AIM OF THE EXERCISE: Write the data out again exactly, dropping any images it holds.

——

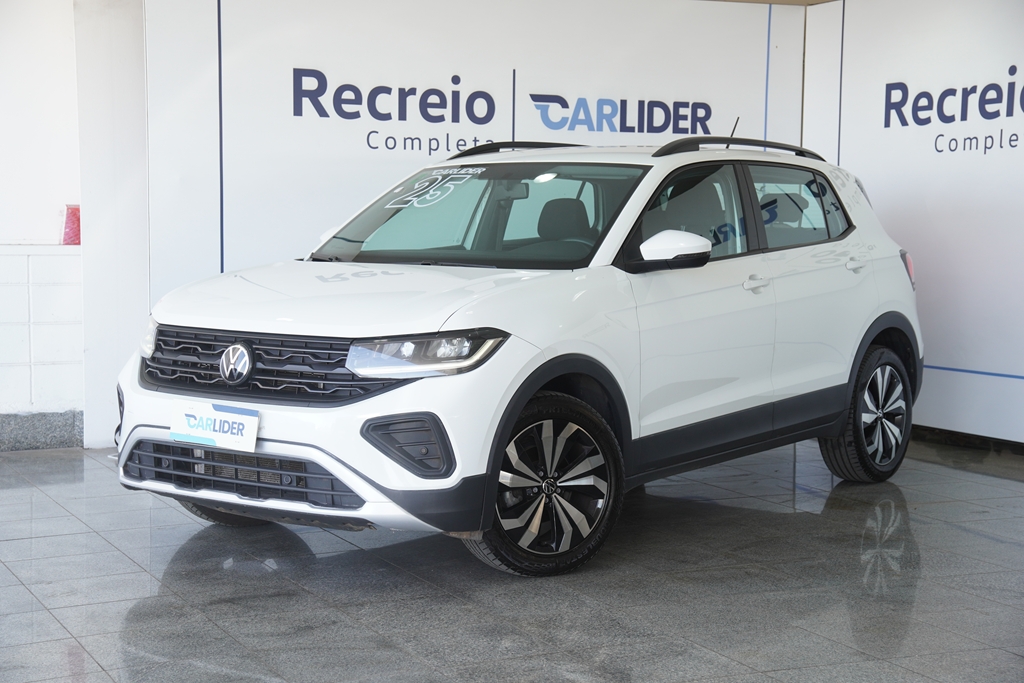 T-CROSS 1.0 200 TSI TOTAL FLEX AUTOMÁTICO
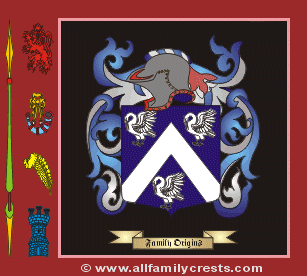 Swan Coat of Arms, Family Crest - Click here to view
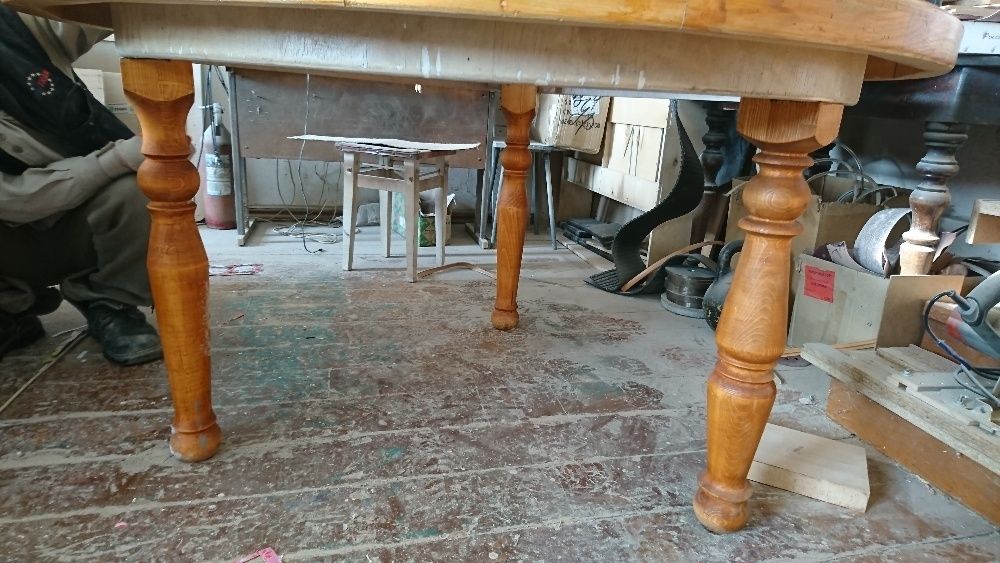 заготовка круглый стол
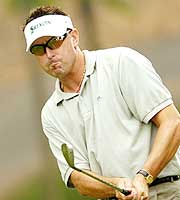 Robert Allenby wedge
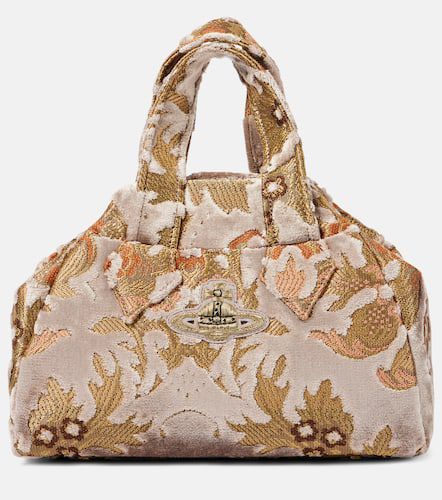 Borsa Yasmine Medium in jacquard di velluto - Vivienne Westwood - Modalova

——

YOUR RESPONSE:
 T-CROSS 1.0 200 TSI TOTAL FLEX AUTOMÁTICO
 Swan Coat of Arms, Family Crest - Click here to view
 заготовка круглый стол
 Robert Allenby wedge
 Borsa Yasmine Medium in jacquard di velluto - Vivienne Westwood - Modalova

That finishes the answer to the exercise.